I chatbot stanno conquistando i nostri negozi, luoghi di lavoro e istituzioni. Magari non in modo fantascientifico, ma sicuramente in termini numerici.
I chatbot sono diventati estremamente popolari negli ultimi anni grazie ai costi ridotti, alla disponibilità 24/7 e alla scalabilità. Come mostrano le statistiche, le organizzazioni investono sempre di più in chatbot AI e i consumatori sono sempre più interessati ai loro vantaggi.
Se cerchi una panoramica rapida sulla posizione attuale dei chatbot nel mercato, sei nel posto giusto. Ecco una raccolta delle statistiche più rilevanti sui chatbot.
Utilizzo e adozione dei chatbot
- L'81% dei consumatori ha utilizzato un chatbot di assistenza clienti negli ultimi 30 giorni (Botpress)
- Il 65% dei consumatori interagisce con chatbot di assistenza clienti almeno una volta al mese (Botpress)
- Il 64% degli utenti di chatbot ha tra i 26 e i 45 anni: questa fascia lavorativa guida la maggior parte dell'utilizzo (Botpress)
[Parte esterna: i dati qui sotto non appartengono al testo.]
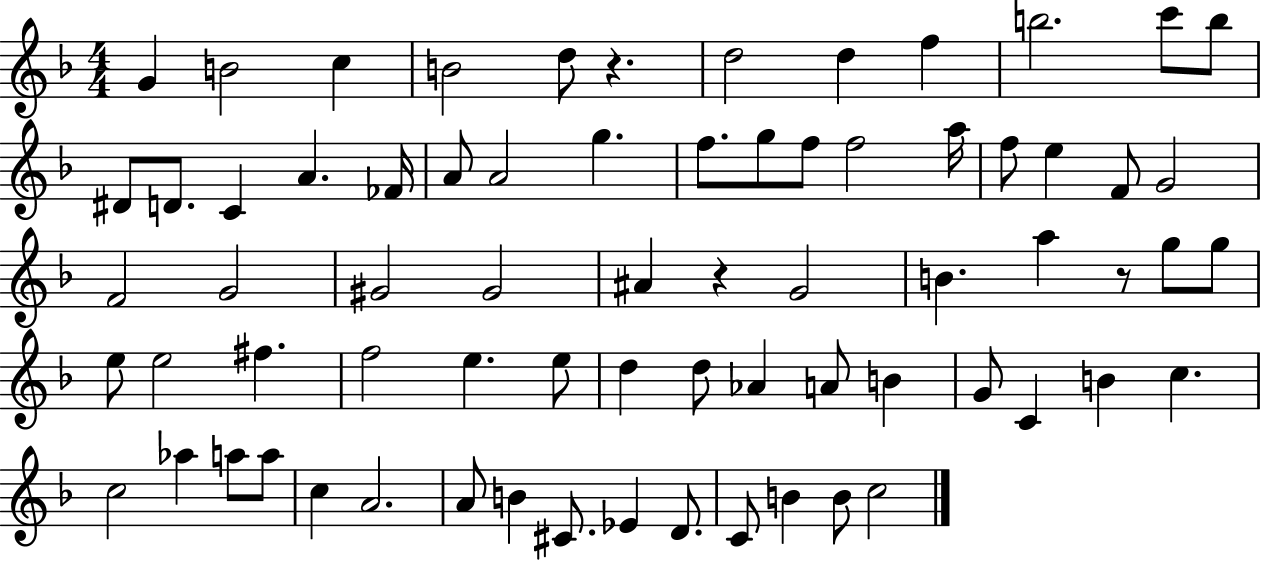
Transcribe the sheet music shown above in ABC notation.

- Il 16% dei consumatori ha interagito con un chatbot nelle ultime 48 ore e il 34% nell'ultima settimana (Botpress)
- Il 66% degli utenti GenAI utilizza la tecnologia almeno settimanalmente — per molti è ormai parte della routine quotidiana (BCG)
- Il 70% dei millennial e il 67% della Gen Z valuta le proprie esperienze con i chatbot come eccellenti, molto buone o buone (Deloitte)
Cosa vogliono i consumatori dai chatbot
- Il 98% dei consumatori considera importante o molto importante la possibilità di trasferirsi a un operatore umano — la funzionalità più apprezzata dei chatbot (Botpress)
- Il 90% dei consumatori preferisce sapere subito quando sta parlando con un bot (Botpress)
- Il 67% dei consumatori considera l'accuratezza delle informazioni la qualità più importante di un chatbot, superando la rapidità delle risposte con un rapporto di 5,6 a 1 (Botpress)
- Il 71% dei consumatori ritiene che la qualità dei chatbot sia migliorata negli ultimi 1–2 anni (Capgemini Research Institute)
- Il 65% dei consumatori ritiene che i chatbot siano diventati più affidabili e precisi nel fornire soluzioni (Capgemini Research Institute)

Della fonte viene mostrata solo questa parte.